Almost three decades ago, Fulmer was a competent blocker on three UT teams that ended their seasons gracing holiday bowl extravaganzas. He served as a team captain his senior year. Phillip spent the next couple of years as a graduate assistant. He was recruited by current Vol athletic director Doug Dickey.

As an offensive guard, Fulmer helped Tennessee to a 30-5 record from 1969-71. The Vols won the SEC championship with a 9-2 record in 1969, went 11-1 and won the Sugar Bowl in 1970 and finished as the Liberty Bowl champions with a 10-2 record in 1971, a season which ended Fulmer's playing career.

Fulmer began coaching as a graduate assistant in 1972. He served as linebacker coach and defensive coordinator for the Tennessee freshman team in 1973 and moved on to Wichita State the following season.

At the time Tennessee hired the Winchester, Tenn., product as offensive line coach, Fulmer was employed at Vanderbilt University as an aide to Commodore Head Coach George MacIntyre in 1979. Before landing in Nashville, he had spent five years at Wichita State, where he coached the offensive line in 1974, served as linebacker coach in 1975 and 1976 and tutored the offensive line again in 1977 and 1978.

Phillip Fulmer Way

In 1980 Fulmer was hired by Johnny Majors, the man he would replace. Majors had heart problems before the 1992 season and Fulmer took over as interim coach. The Vols started 3-0, upsetting Georgia and Florida.

Without telling anyone, Majors reappeared at work after the Florida win, sensing that if he didn't come back, Fulmer might replace him. The Vols then embarked on a three-game SEC losing streak, leading the UT administration to fire Majors. Under difficult conditions, Fulmer took over.

Fulmer has always been a determined recruiter, as evidenced by the steady stream of blue-chip recruits he and his staff have attracted to Knoxville.
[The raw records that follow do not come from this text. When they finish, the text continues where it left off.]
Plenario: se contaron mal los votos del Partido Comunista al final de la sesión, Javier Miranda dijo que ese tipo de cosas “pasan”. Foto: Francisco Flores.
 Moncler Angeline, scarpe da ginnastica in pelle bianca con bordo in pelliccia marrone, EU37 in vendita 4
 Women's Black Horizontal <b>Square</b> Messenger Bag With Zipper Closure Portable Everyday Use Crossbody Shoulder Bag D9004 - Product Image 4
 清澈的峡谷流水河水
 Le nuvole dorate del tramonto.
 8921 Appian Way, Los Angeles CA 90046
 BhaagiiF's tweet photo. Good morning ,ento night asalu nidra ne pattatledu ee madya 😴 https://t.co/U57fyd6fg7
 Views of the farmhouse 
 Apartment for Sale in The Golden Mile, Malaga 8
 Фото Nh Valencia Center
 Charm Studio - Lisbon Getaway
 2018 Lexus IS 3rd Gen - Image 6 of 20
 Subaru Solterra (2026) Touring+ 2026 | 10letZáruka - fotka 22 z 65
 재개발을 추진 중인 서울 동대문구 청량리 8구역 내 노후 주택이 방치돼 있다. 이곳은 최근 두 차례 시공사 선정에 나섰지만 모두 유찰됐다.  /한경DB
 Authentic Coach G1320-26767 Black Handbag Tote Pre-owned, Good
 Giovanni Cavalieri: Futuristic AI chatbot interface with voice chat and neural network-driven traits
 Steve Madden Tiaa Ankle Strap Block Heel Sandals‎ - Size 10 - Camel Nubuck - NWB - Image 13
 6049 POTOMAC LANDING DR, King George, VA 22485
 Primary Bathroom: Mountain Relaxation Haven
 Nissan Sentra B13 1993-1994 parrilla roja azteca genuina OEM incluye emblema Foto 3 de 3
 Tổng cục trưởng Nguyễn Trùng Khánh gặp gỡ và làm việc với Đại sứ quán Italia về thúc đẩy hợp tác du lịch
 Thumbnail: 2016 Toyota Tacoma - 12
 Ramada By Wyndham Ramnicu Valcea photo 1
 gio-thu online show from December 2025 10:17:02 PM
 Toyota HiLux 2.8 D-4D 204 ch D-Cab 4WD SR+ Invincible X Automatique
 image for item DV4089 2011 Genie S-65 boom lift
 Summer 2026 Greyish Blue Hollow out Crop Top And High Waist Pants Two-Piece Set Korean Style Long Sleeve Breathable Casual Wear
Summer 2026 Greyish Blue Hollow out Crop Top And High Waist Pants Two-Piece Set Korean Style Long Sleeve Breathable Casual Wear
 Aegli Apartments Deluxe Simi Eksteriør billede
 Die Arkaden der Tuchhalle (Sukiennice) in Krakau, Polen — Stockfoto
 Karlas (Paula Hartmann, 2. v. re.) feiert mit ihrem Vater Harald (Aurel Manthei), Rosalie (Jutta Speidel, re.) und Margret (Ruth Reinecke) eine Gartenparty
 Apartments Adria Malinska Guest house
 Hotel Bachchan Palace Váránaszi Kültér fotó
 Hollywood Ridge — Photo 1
Since he took over, the Volunteers have produced six first-round NFL draft picks and 34 All-SEC selections, most notably Peyton Manning. For next season, Fulmer has landed A.J. Suggs, another highly touted signal-caller, from Georgia.

98 National Champions

Phillip Fulmer, University of Tennessee head football coach, and Knoxville Mayor Victor Ashe talk at the corner of Phillip Fulmer Way and South Stadium Drive following a special meeting of City Council at which it voted to rename a portion of Stadium Drive as Phillip Fulmer Way. Council renamed Stadium Drive between Cumberland Avenue and Lake Loudon Boulevard to honor Fulmer, whose undefeated team was crowned undisputed national champions last year.

Fulmer " moved the UT football team to the next level while maintaining a clean and honest program that all Volunteer fans can be proud of, " Ashe said. " Renaming this street, which thousands of fans use on football Saturdays to get to Neyland Stadium, is a fitting tribute to Coach Fulmer's accomplishments.

Two years ago, according to The Atlanta Journal-Constitution, he pulled into a Knoxville gas station where he and an attendant struck up a conversation about the Vols. "Until they get rid of that Fulmer guy, they will never do anything," the attendant said. Fulmer smiled and nodded before speeding away.

Fulmer's philosophy is" Recruit good players, coach them hard with discipline and win football games. That's what we've done. It's worked." Phillip Fulmer said when he took over the head coaching job that he would take the Vol program to the next level and has amassed the best winning percentage of any active Division 1-A coach along the way, he's a player coach of The University of Tennessee. Has he kept his promise? You bet he has!!!